Restate only the tail of the data below, starting at the line that contains "Chicco Owly bagoly" and including the last line, word for word.

====================

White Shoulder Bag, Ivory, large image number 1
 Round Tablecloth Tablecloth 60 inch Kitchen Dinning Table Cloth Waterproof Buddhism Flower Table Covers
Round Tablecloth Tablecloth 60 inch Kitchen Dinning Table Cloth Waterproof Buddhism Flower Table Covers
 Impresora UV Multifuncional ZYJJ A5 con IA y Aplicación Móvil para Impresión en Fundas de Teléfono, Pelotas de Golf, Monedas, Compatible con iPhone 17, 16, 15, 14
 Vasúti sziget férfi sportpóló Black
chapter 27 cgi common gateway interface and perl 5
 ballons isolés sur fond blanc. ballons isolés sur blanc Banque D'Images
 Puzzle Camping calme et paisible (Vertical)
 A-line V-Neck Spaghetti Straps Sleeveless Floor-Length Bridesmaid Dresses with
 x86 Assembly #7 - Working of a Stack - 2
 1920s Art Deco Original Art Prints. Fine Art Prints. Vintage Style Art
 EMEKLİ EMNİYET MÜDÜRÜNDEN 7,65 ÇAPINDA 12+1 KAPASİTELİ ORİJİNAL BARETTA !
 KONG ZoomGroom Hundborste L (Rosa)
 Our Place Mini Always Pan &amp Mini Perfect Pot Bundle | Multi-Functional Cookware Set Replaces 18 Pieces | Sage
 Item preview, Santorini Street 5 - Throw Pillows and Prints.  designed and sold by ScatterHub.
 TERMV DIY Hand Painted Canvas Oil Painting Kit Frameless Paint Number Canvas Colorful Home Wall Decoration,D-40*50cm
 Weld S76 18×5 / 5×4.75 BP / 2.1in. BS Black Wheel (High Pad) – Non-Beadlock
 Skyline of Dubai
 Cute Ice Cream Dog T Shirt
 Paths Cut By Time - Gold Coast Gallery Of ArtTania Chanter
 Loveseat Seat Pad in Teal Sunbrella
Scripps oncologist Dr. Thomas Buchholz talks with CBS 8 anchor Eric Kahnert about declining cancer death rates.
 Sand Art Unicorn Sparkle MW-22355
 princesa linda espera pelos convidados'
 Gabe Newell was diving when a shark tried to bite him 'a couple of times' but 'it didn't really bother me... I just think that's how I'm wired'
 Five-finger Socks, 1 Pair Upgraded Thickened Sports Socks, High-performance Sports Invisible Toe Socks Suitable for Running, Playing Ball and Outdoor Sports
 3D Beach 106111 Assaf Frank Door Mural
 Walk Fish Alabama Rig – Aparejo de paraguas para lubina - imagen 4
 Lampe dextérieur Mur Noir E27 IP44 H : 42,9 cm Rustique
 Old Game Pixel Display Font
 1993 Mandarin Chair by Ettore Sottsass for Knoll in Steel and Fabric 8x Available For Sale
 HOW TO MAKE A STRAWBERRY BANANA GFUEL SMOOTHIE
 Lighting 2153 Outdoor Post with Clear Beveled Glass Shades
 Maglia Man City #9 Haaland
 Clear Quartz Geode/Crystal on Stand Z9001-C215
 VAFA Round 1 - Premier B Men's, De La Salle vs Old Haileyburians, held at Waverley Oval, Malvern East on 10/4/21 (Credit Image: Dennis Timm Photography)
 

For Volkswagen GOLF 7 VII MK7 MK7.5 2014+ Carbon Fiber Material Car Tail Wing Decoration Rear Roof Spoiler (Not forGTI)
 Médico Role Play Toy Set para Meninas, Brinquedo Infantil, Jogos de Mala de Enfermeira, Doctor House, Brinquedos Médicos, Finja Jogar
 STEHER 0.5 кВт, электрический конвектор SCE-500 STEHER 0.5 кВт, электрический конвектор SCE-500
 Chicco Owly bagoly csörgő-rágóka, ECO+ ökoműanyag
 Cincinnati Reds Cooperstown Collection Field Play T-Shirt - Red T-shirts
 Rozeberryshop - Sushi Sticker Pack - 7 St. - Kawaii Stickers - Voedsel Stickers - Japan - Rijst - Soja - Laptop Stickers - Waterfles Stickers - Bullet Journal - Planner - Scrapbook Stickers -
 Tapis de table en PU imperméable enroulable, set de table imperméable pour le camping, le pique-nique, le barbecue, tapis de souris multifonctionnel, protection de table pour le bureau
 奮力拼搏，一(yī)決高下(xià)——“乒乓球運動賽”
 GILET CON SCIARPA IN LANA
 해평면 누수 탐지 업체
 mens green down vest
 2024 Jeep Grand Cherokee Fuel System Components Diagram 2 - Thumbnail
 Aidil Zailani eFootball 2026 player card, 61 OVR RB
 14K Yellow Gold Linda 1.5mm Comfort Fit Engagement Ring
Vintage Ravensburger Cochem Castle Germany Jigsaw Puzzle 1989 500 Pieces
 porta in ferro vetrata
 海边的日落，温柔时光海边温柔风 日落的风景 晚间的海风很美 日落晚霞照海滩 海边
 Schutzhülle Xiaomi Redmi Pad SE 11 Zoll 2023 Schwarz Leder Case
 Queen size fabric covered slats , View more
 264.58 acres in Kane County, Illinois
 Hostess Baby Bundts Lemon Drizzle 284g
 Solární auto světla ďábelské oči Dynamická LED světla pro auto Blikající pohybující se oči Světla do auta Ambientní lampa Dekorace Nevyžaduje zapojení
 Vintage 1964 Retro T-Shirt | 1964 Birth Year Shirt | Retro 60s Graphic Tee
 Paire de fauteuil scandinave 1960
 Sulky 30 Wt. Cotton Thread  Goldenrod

====================

(OUTPUT FOR THIS EXERCISE)
 Chicco Owly bagoly csörgő-rágóka, ECO+ ökoműanyag
 Cincinnati Reds Cooperstown Collection Field Play T-Shirt - Red T-shirts
 Rozeberryshop - Sushi Sticker Pack - 7 St. - Kawaii Stickers - Voedsel Stickers - Japan - Rijst - Soja - Laptop Stickers - Waterfles Stickers - Bullet Journal - Planner - Scrapbook Stickers -
 Tapis de table en PU imperméable enroulable, set de table imperméable pour le camping, le pique-nique, le barbecue, tapis de souris multifonctionnel, protection de table pour le bureau
 奮力拼搏，一(yī)決高下(xià)——“乒乓球運動賽”
 GILET CON SCIARPA IN LANA
 해평면 누수 탐지 업체
 mens green down vest
 2024 Jeep Grand Cherokee Fuel System Components Diagram 2 - Thumbnail
 Aidil Zailani eFootball 2026 player card, 61 OVR RB
 14K Yellow Gold Linda 1.5mm Comfort Fit Engagement Ring
Vintage Ravensburger Cochem Castle Germany Jigsaw Puzzle 1989 500 Pieces
 porta in ferro vetrata
 海边的日落，温柔时光海边温柔风 日落的风景 晚间的海风很美 日落晚霞照海滩 海边
 Schutzhülle Xiaomi Redmi Pad SE 11 Zoll 2023 Schwarz Leder Case
 Queen size fabric covered slats , View more
 264.58 acres in Kane County, Illinois
 Hostess Baby Bundts Lemon Drizzle 284g
 Solární auto světla ďábelské oči Dynamická LED světla pro auto Blikající pohybující se oči Světla do auta Ambientní lampa Dekorace Nevyžaduje zapojení
 Vintage 1964 Retro T-Shirt | 1964 Birth Year Shirt | Retro 60s Graphic Tee
 Paire de fauteuil scandinave 1960
 Sulky 30 Wt. Cotton Thread  Goldenrod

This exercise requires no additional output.